5.1. Xarray tutorial#

Xarray is an open source project and Python package that makes working with labelled multi-dimensional arrays simple, efficient, and fun!

5.1.1. Install xarray#

If you run code on your own computer, you need to install xarray. Open the console and enter conda install xarray or execute !pip install xarray in this jupyter notebook.

try:
    import xarray as xr  # check whether xarray installed
except ModuleNotFoundError:
    !pip install xarray==0.19.0  # install xarray
    import xarray as xr

print(xr.__version__)
0.19.0
import pandas as pd
import numpy as np

5.1.2. Introduction to xarray Data Structures#

Like pandas, xarray has two core data structures:

  • DataArray

  • Dataset

The DataArray is designed to hold a single multi-dimensional variable and its coordinates, and the Dataset is designed to hold multiple variables that potentially share the same coordinates.

5.1.3. DataArray#

DataArray has four important attributes:

  • values is a Numpy array and stores the data.

  • dims is a tuple that includes the names of all dimensions of values and its length is the number of dimensions.

  • coords is a dict-like built-in data structure of xarray and includes coordinate list or 1D-array of each dimension.

  • attrs is a dict and you can use attrs to define some custom attributes.

5.1.3.1. Defining a DataArray#

You can use the DataArray() function to create a DataArray. There are 4 arguments corresponding to the four attributes above. The data argument is corresponding to values attribute.

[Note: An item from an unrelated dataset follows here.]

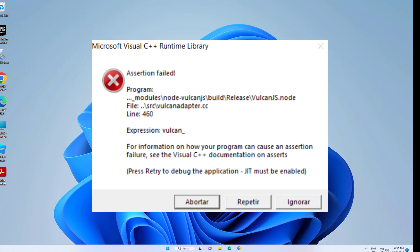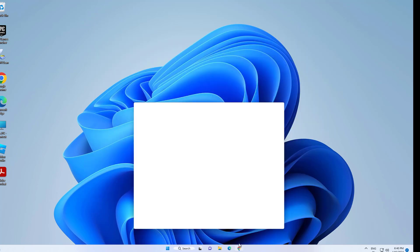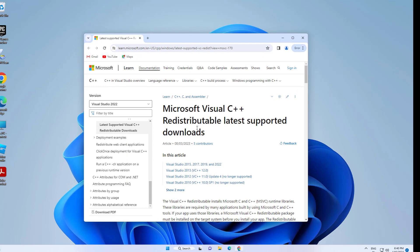How to fix Microsoft Visual C++ Runtime Library Assertion Failed VulkanAdapter.cc Error. First, open the link that you will find in the description of this video.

da = xr.DataArray(data=[[1, 2, 3], [2, 3, 4]],
                  dims=['x', 'y'],
                  coords={'x': [10, 20],
                          'y': [10, 20, 30]},
                  attrs={'summary': 'This is a custom DataArray for tutorial',
                         'license': 'CC BY-NC-ND 4.0'})
da
<xarray.DataArray (x: 2, y: 3)>
array([[1, 2, 3],
       [2, 3, 4]])
Coordinates:
  * x        (x) int32 10 20
  * y        (y) int32 10 20 30
Attributes:
    summary:  This is a custom DataArray for tutorial
    license:  CC BY-NC-ND 4.0
da.values
array([[1, 2, 3],
       [2, 3, 4]])
da.dims
('x', 'y')
da.coords
Coordinates:
  * x        (x) int32 10 20
  * y        (y) int32 10 20 30
da.attrs
{'summary': 'This is a custom DataArray for tutorial',
 'license': 'CC BY-NC-ND 4.0'}

You can specify the data argument to create a DataArray. By default, dims of DataArray is ('dim_0', 'dim_1', ...) and attrs of DataArray is a empty dict.

da1 = xr.DataArray(data=[[1, 2, 3], 
                         [2, 3, 4]])
da1
<xarray.DataArray (dim_0: 2, dim_1: 3)>
array([[1, 2, 3],
       [2, 3, 4]])
Dimensions without coordinates: dim_0, dim_1
da1.dims
('dim_0', 'dim_1')
da1.attrs
{}
da1.coords
Coordinates:
    *empty*

5.1.3.2. Change attribute#

da1 = da.copy(deep=True)
# change values
da1.values = np.random.rand(2, 3)
# change dims (input dict)
da1 = da1.rename({'x': 'm', 'y': 'n'})

# change name (input str)
da1 = da1.rename('Spatial Rainfall')

# add attrs
da1.attrs['gen'] = 'generated by numpy randomly'
# delete attrs
del da1.attrs['summary']
da1
<xarray.DataArray 'Spatial Rainfall' (m: 2, n: 3)>
array([[0.47856475, 0.79661643, 0.38884127],
       [0.44622596, 0.17973351, 0.15285284]])
Coordinates:
  * m        (m) int32 10 20
  * n        (n) int32 10 20 30
Attributes:
    license:  CC BY-NC-ND 4.0
    gen:      generated by numpy randomly

5.1.4. Dataset#

Dataset has three important attributes: data_vars, coords and attrs.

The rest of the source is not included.